While some of you may think this is a mild irritant, a mere diversion from our scholarly path, these mainstream portrayals of ebooks as so significantly cheaper to produce are likely to set the stage for much of the future development of pricing models. Most of us can easily see where our own corner of the industry diverges from this trade model, but I doubt much of our author or customer base is as well informed.

Copyediting and typesetting for 80 cents a copy? I don’t think I’ve seen those prices in 20 years. And why do these same tasks cost 50 cents for a digital copy? And if we were only to spend $1 per copy on marketing each new title, we wouldn’t be able to afford a single ad. I’m looking forward to negotiating 15% list price royalties, as well.

References to this article have already started to pop up in blogs and news sites everywhere. With the current focus on the business model for the iPad , and the public fracas between MacMillan and Amazon, this will spread for a few more weeks. And the “presumptions” will very soon be viewed as “truths”.
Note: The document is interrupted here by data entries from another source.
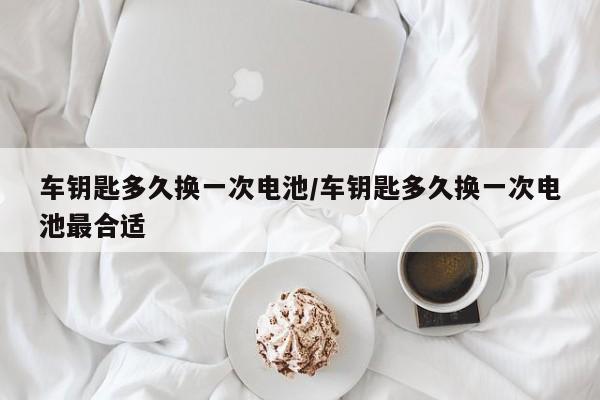 车钥匙多久换一次电池/车钥匙多久换一次电池最合适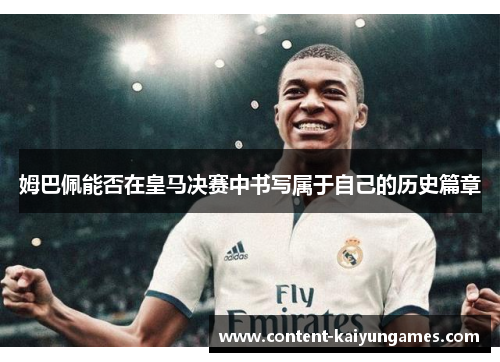 姆巴佩能否在皇马决赛中书写属于自己的历史篇章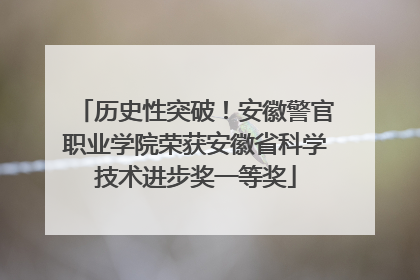 历史性突破！安徽警官职业学院荣获安徽省科学技术进步奖一等奖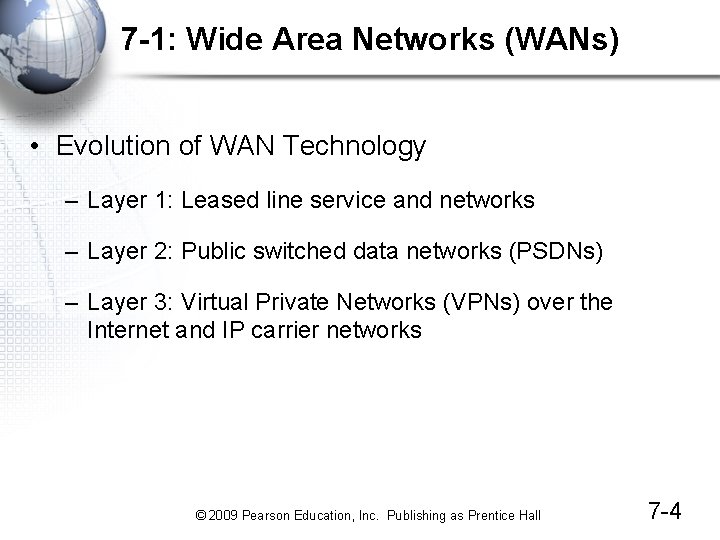 7 -1: Wide Area Networks (WANs) • Evolution of WAN Technology – Layer 1: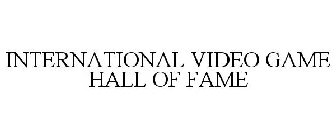 INTERNATIONAL VIDEO GAME HALL OF FAME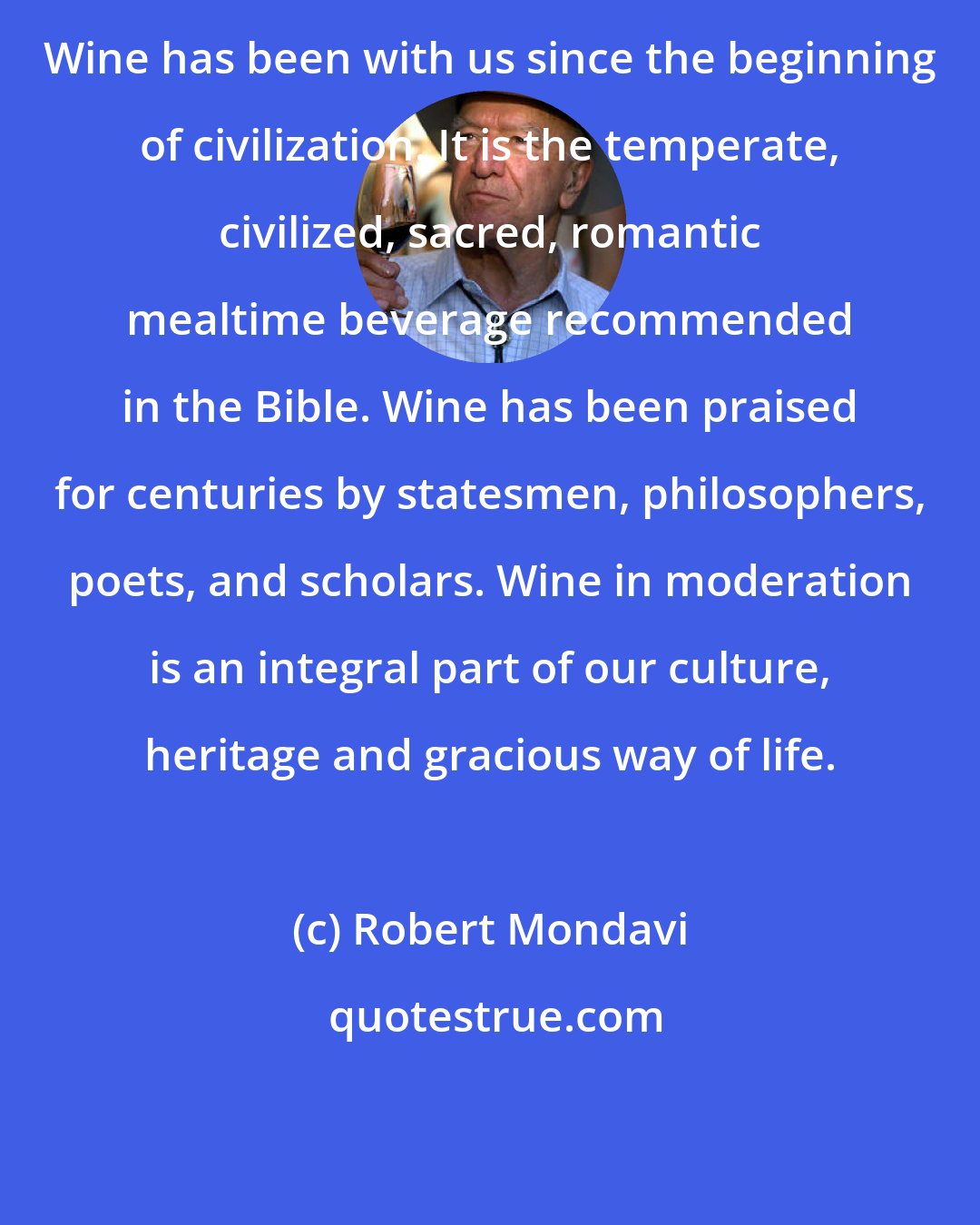 Robert Mondavi: Wine has been with us since the beginning of civilization. It is the temperate, civilized, sacred, romantic mealtime beverage recommended in the Bible. Wine has been praised for centuries by statesmen, philosophers, poets, and scholars. Wine in moderation is an integral part of our culture, heritage and gracious way of life.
So let me contrast this with a few recent posts by Mike Shatzkin on his blog. Mike is unapologetic in his belief that the digital transition is here and that you will be left behind if you are not already managing it. But he is equally forthright in statements that publishers have good reason to try to slow things down. Mike always presents careful, and informed, analysis. His blog is well worth following.

You’ll see our blogroll on the left. As they come and go, we’ll update the list. We’ll also include direct links to articles of interest in posts such as this.